One issue that will inevitably be discussed during the Summit will be cross-border connections, an issue that was already addressed last September during the fourteenth meeting of the Spanish-Portuguese Commission for Cross-Border Cooperation.
Last July, the Portuguese Minister of Infrastructures, Pedro Nuno Santos, declared that the Viana do Castelo meeting could be the “ideal moment” to announce the high-speed train projects between Portugal and Galicia. For her part, the Spanish Minister of Transport, Raquel Sanchez, recently assured that the Government intends to ratify at the Summit its commitment to the Southern Exit of Vigo for the high-speed train. The Xunta de Galicia has requested that the high-speed train between Vigo and Oporto, which would link up with the Lisbon-Oporto Atlantic axis planned by Lisbon, be promoted through this exit. Likewise, Castilla y León is interested in promoting the connection between Bragança and the Sanabria high-speed train station, and Portugal is moving forward with the high-speed train works in the Evora-Elvas section to link with Badajoz, in Extremadura.

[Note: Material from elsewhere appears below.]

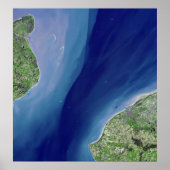 De Kanaaltunnel Poster (Voorkant)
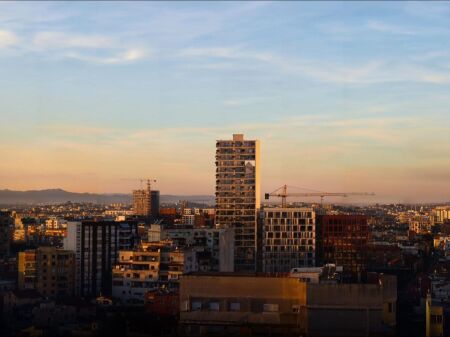 🏢 Apartment 1+1 for Sale – Oberon Tower, Dispanceria 📍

In addition, the Summit will discuss the Spanish-Portuguese Iberian Center for Energy Storage Research in Cáceres, which is expected to be operational by the end of 2023, and the creation of the Cross-border Worker Statute between Spain and Portugal, as agreed at the Trujillo Summit, will be addressed.
In addition, the two governments will address cross-border tourism and the development of a shared cultural agenda. The Summit could also discuss issues such as digital connectivity along the border, especially in rural areas; the creation of an Iberian “healthy food” brand by unifying the Alimentos de España and Produtos Tradicionais Portugueses brands; and the updating of the Albufeira Convention, which regulates the course of common rivers.
The Iberian mechanism
Inevitably, during the Summit, the European agenda will be discussed and, most probably, the leaders of the two countries will address the creation of a common front so that the Iberian Peninsula ceases to be an “energy island”. Recently, Sánchez and Costa obtained the support of the German Chancellor, Olaf Scholz, in favor of energy interconnections with the rest of the EU through the Pyrenees and, last Friday, the two Iberian leaders reached an agreement in Brussels with the President of France, Emmanuel Macron, for the implementation of an underwater gas pipeline between Barcelona and Marseille (BarMar).
In any case, the Summit comes at a time of special complicity between the two countries on account of the debate generated in the EU by the need to put an end to energy dependence on Russia and by the increase in electricity prices. Since June 15, Spain and Portugal have been governed by the so-called “Iberian mechanism”, which allows a ceiling of 40 euros per megawatt/hour to be set on the price of gas used to produce electricity.
The application of this mechanism was made possible after the European Council of March 25 approved the right of the two Iberian countries to manage their own reference gas prices for combined cycle power plants, in view of the “energy island” nature of the peninsula due to its very low interconnection with the European energy market. On October 21, the Heads of State and Government of the 27 agreed, at the European Council in Brussels, on a series of measures which, according to Pedro Sánchez, will make it possible “to extend the Iberian model, or something similar, to the rest of the EU, a mechanism which has already saved our consumers 2,900 million euros”.